Now we load the IMDB movie reviews dataset from a CSV file.  
We use the 'python' engine in pandas to handle potential parsing issues gracefully.  
Additionally, we extract the first 1000 rows to create a smaller subset for quicker experimentation and save it as a new CSV file.


In [None]:
# Load the original dataset
# Using the 'python' engine for better handling of potential parsing issues
try:
    df = pd.read_csv("IMDB_Dataset.csv", engine='python')
except ParserError as e:
    print(f"Error reading IMDB_Dataset.csv: {e}")
    print("Attempting to read with different parameters or inspect the file.")

    pass


if 'df' in locals():
    # Extract the first 1000 rows
    df_top_1000 = df.head(1000)

    # Save it as a new CSV file
    df_top_1000.to_csv("IMDB_Dataset_1000.csv", index=False)

    print("Top 1000 rows saved as 'IMDB_Dataset_1000.csv'")
else:
    print("Failed to load IMDB_Dataset.csv. Cannot proceed with creating IMDB_Dataset_1000.csv")

Top 1000 rows saved as 'IMDB_Dataset_1000.csv'




The function, `load_data`, is designed to load the preprocessed subset of the IMDB dataset from a CSV file (`IMDB_Dataset_1000.csv`).  

It selects only the relevant columns — `review` and `sentiment` — which are required for the sentiment analysis task, and returns the filtered dataframe.


In [None]:
# Function to load dataset
def load_data(filepath):
    print("Dataset Loaded Successfully")
    df = pd.read_csv("IMDB_Dataset_1000.csv")
    df = df[['review', 'sentiment']]  # Ensure only relevant columns
    return df



The function `preprocess_data` takes the loaded dataframe as input and prepares it for model training by:  
- Separating the features (`review` texts) and labels (`sentiment`).  
- Encoding the sentiment labels (`positive` and `negative`) into numerical format (1 and 0) using Label Encoding.  
- Splitting the data into training and testing sets with an 80-20 ratio to evaluate model performance on unseen data.


In [None]:
# Function to preprocess data and split
def preprocess_data(df):
    X = df['review']
    y = df['sentiment']

    # Apply Label Encoding to convert 'positive'/'negative' → 1/0
    label_encoder = LabelEncoder()
    y_encoded = label_encoder.fit_transform(y)

    return train_test_split(X, y_encoded, test_size=0.2, random_state=42)



The function `extract_features` converts raw text data into numerical features that machine learning models can understand.  

It supports two vectorization methods:  
- **Count Vectorization**: Counts the frequency of words (excluding English stopwords).  
- **TF-IDF Vectorization**: Weighs words by their importance using Term Frequency-Inverse Document Frequency, also removing stopwords.  
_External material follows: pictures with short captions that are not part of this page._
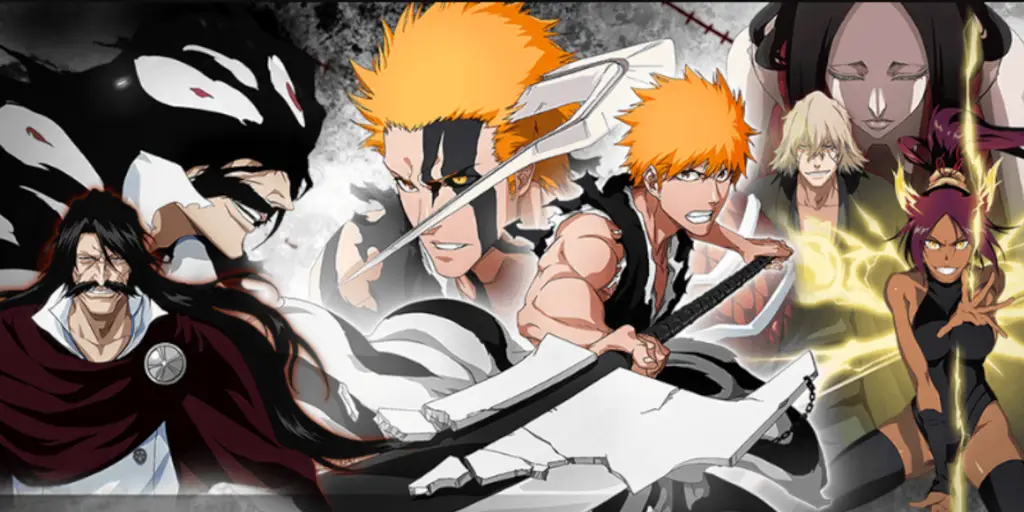 Pasukan Quincy yang besar dan kuat dalam Bleach TYBW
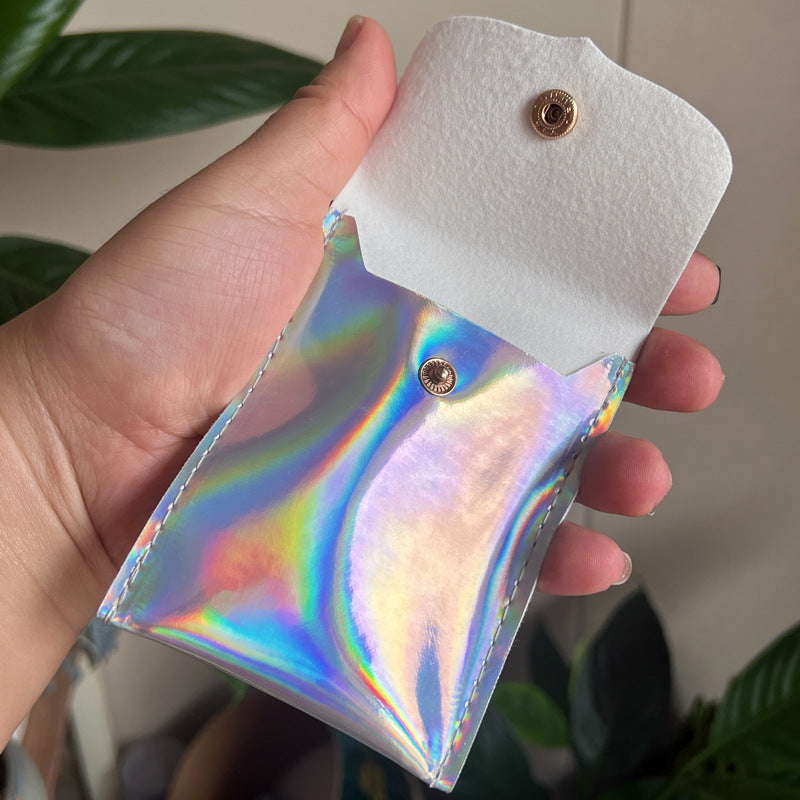 Holographic Card Holder LoungeYard — product view 2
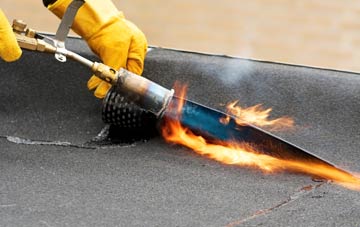 flat roof repairs Chicksands, Bedfordshire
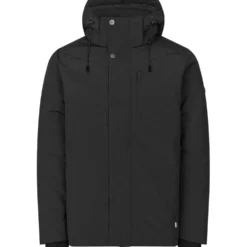 Kingsland Parka KLAron Heren Zwart
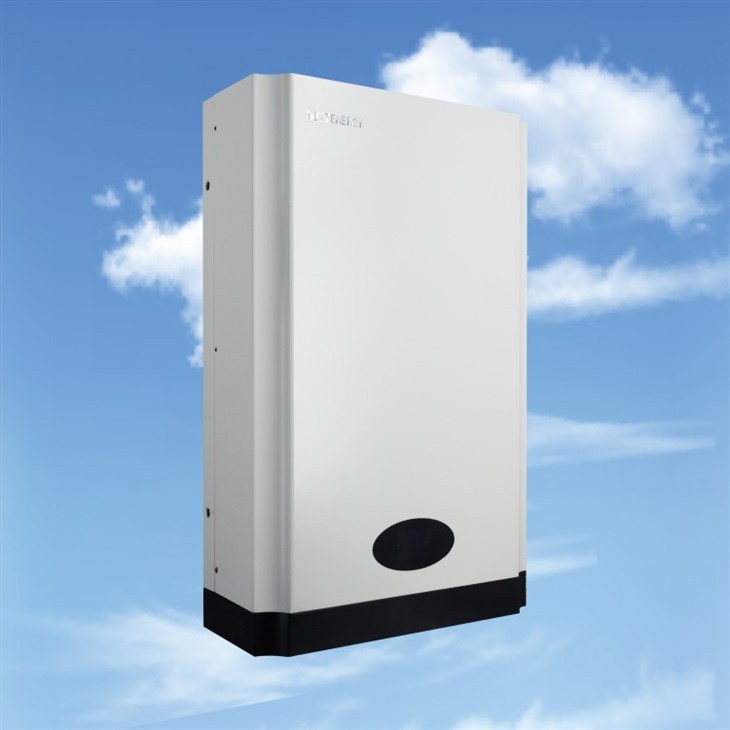 wall mounted solar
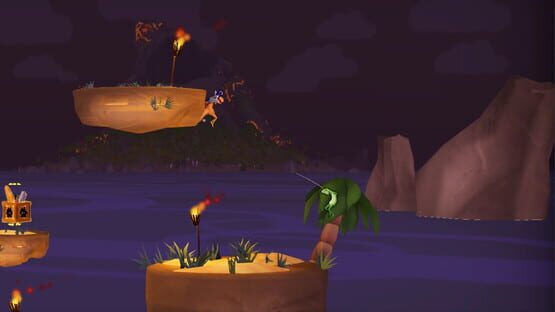Screenshot King of the Couch: Zoovival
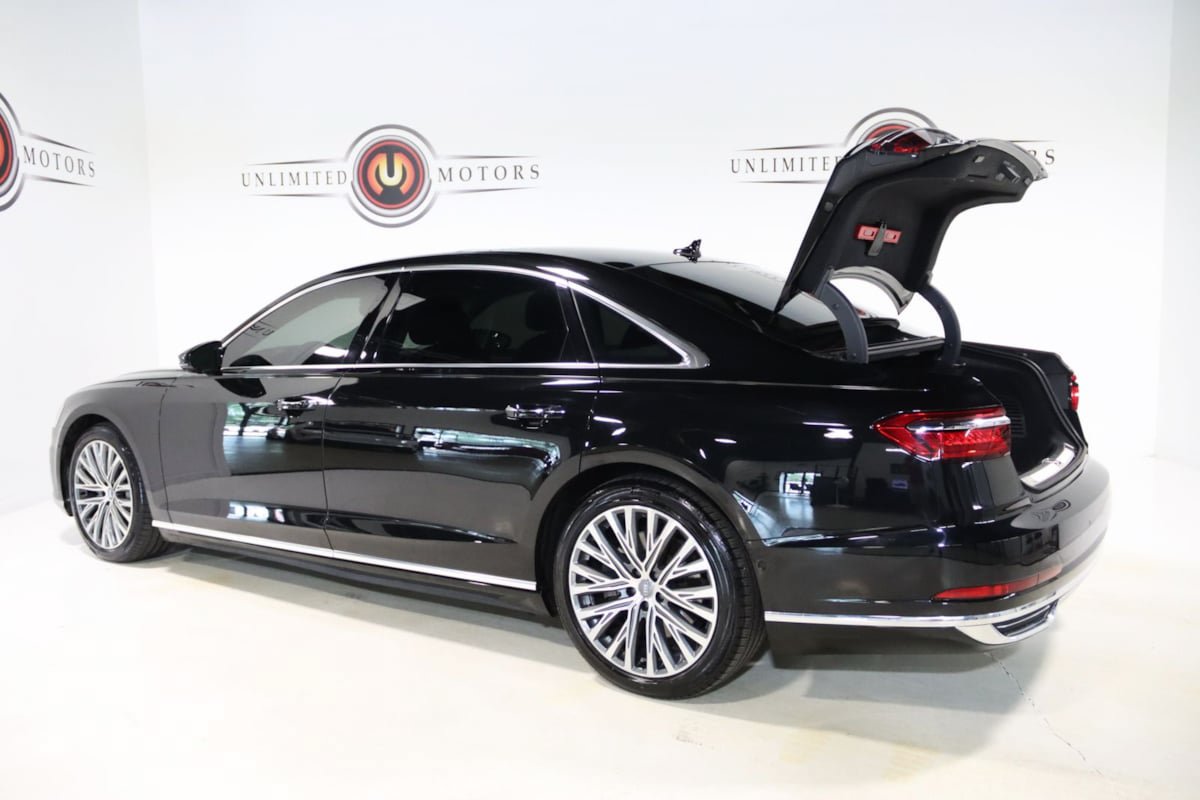 Used 2019 Audi A8 L 3.0T w/ Luxury Package AWD/4WD image 32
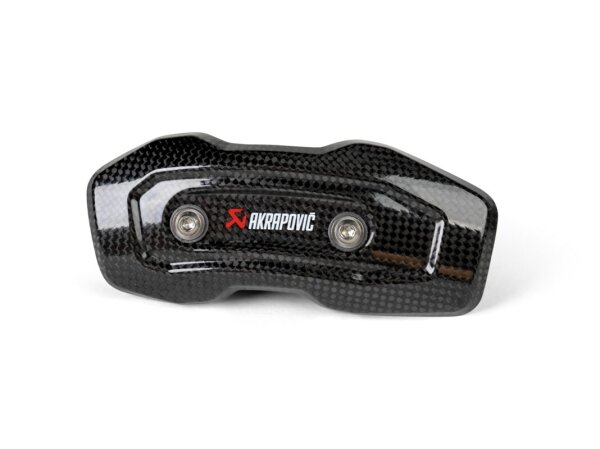 Heat Shield Carbon Cf Moto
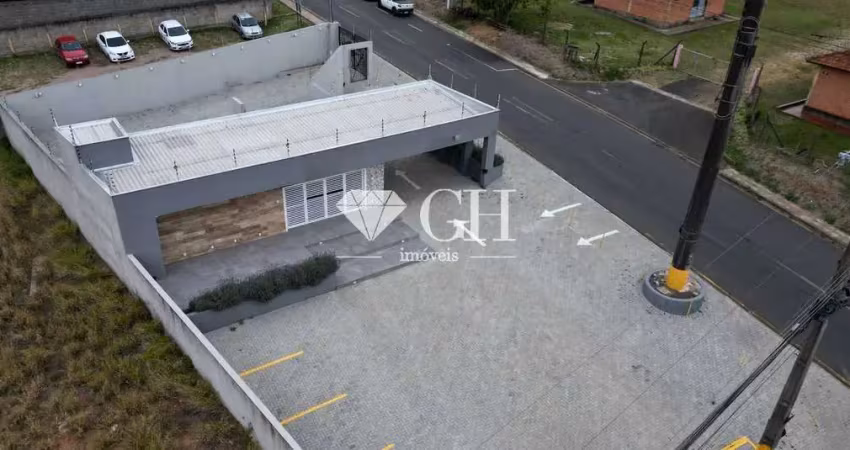 Sala comercial com 1 sala para alugar na Avenida Monteiro Lobato, Jardim Carvalho, Ponta Grossa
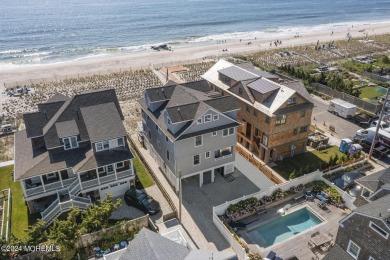Recent price improvement on this magnificent Bay Head Oceanfront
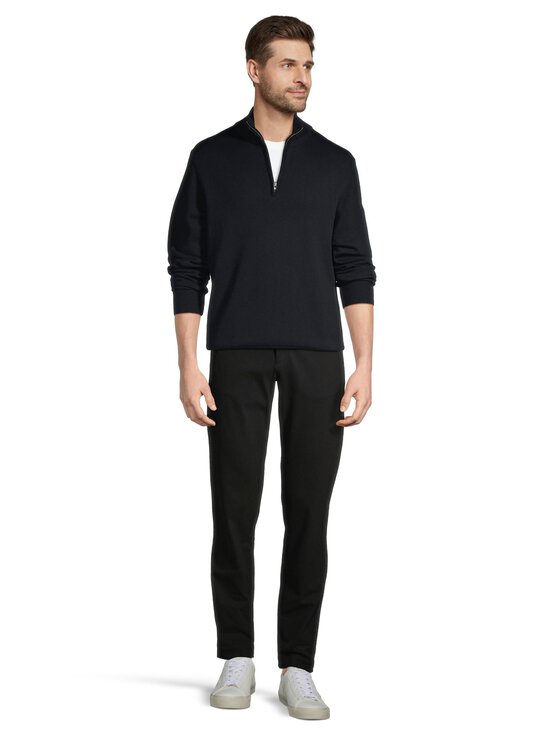 Cap Horn - Elias Cotton Merino džemperis - DK. NAVY | Stockmann - photo 2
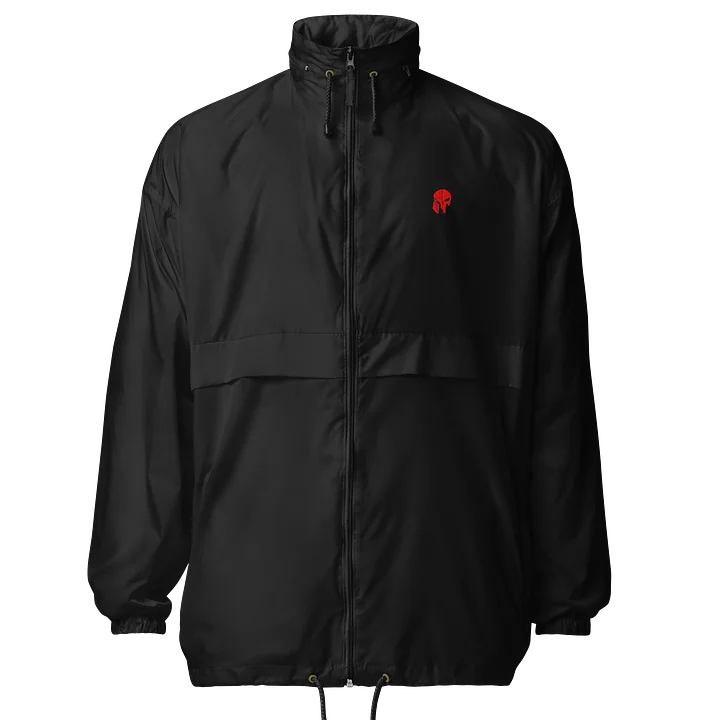 Core Windbreaker - Black product image (1)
The function fits the vectorizer on the training data and transforms both training and test sets accordingly.


In [None]:
# Function to extract features (CountVectorizer / TF-IDF) with stopword removal
def extract_features(X_train, X_test, method="count"):
    if method == "count":
        vectorizer = CountVectorizer(stop_words='english')  # Removing stopwords
    elif method == "tfidf":
        vectorizer = TfidfVectorizer(stop_words='english')  # Removing stopwords
    else:
        raise ValueError("Method should be 'count' or 'tfidf'")

    X_train_transformed = vectorizer.fit_transform(X_train)
    X_test_transformed = vectorizer.transform(X_test)

    return X_train_transformed, X_test_transformed



This function `train_and_evaluate` trains a specified machine learning model on the training data and evaluates its accuracy on the test data.  

Supported models include:  
- Naive Bayes  
- Logistic Regression  
- Decision Tree  
- Random Forest  
- XGBoost  

The function returns the accuracy score as a performance metric.


In [None]:
# Function to train and evaluate models
def train_and_evaluate(X_train, X_test, y_train, y_test, model_name):
    models = {
        "naive_bayes": MultinomialNB(),
        "logistic_regression": LogisticRegression(max_iter=1000),
        "decision_tree": DecisionTreeClassifier(),
        "random_forest": RandomForestClassifier(n_estimators=100),
        "xgboost": XGBClassifier(use_label_encoder=False, eval_metric="logloss")
    }

    model = models[model_name]
    model.fit(X_train, y_train)
    y_pred = model.predict(X_test)

    return accuracy_score(y_test, y_pred)



This function `sentiment_analysis_pipeline` orchestrates the entire workflow from data loading to model evaluation:  
- Loads the dataset from a CSV file.  
- Preprocesses the data (including label encoding and train-test splitting).  
- Extracts features using both Count Vectorizer and TF-IDF methods.  
- Trains and evaluates five different classifiers on each feature set.  

The results (accuracy scores) of each model-feature combination are collected and returned as a pandas DataFrame for easy comparison.


In [None]:
# Pipeline function to run the entire analysis
def sentiment_analysis_pipeline(filepath):
    df = load_data(filepath)
    X_train, X_test, y_train, y_test = preprocess_data(df)  # Label encoding applied here

    methods = ["count", "tfidf"]
    models = ["naive_bayes", "logistic_regression", "decision_tree", "random_forest", "xgboost"]

    results = {}

    for method in methods:
        X_train_transformed, X_test_transformed = extract_features(X_train, X_test, method)

        for model in models:
            key = f"{method}_{model}"
            results[key] = train_and_evaluate(X_train_transformed, X_test_transformed, y_train, y_test, model)

    return pd.DataFrame(results, index=["Accuracy"]).T

# Run the full pipeline
results_df = sentiment_analysis_pipeline("TMDB_Dataset_1000.csv")
print(results_df)


Dataset Loaded Successfully


Parameters: { "use_label_encoder" } are not used.

Parameters: { "use_label_encoder" } are not used.



                           Accuracy
count_naive_bayes             0.775
count_logistic_regression     0.790
count_decision_tree           0.705
count_random_forest           0.770
count_xgboost                 0.775
tfidf_naive_bayes             0.835
tfidf_logistic_regression     0.785
tfidf_decision_tree           0.660
tfidf_random_forest           0.790
tfidf_xgboost                 0.730


# Results Interpretation

- The table shows accuracy scores for different classifiers combined with Count Vectorizer and TF-IDF feature extraction methods.  
- TF-IDF with Naive Bayes achieved the highest accuracy of 83.5%, indicating strong performance with weighted term importance.  
- Logistic Regression and Random Forest also performed well across both feature extraction techniques.  
- Decision Tree showed relatively lower accuracy, suggesting it may not be the best choice for this dataset and task.  
- These insights guide us toward selecting the most effective model and feature extraction strategy for sentiment analysis on the IMDB dataset.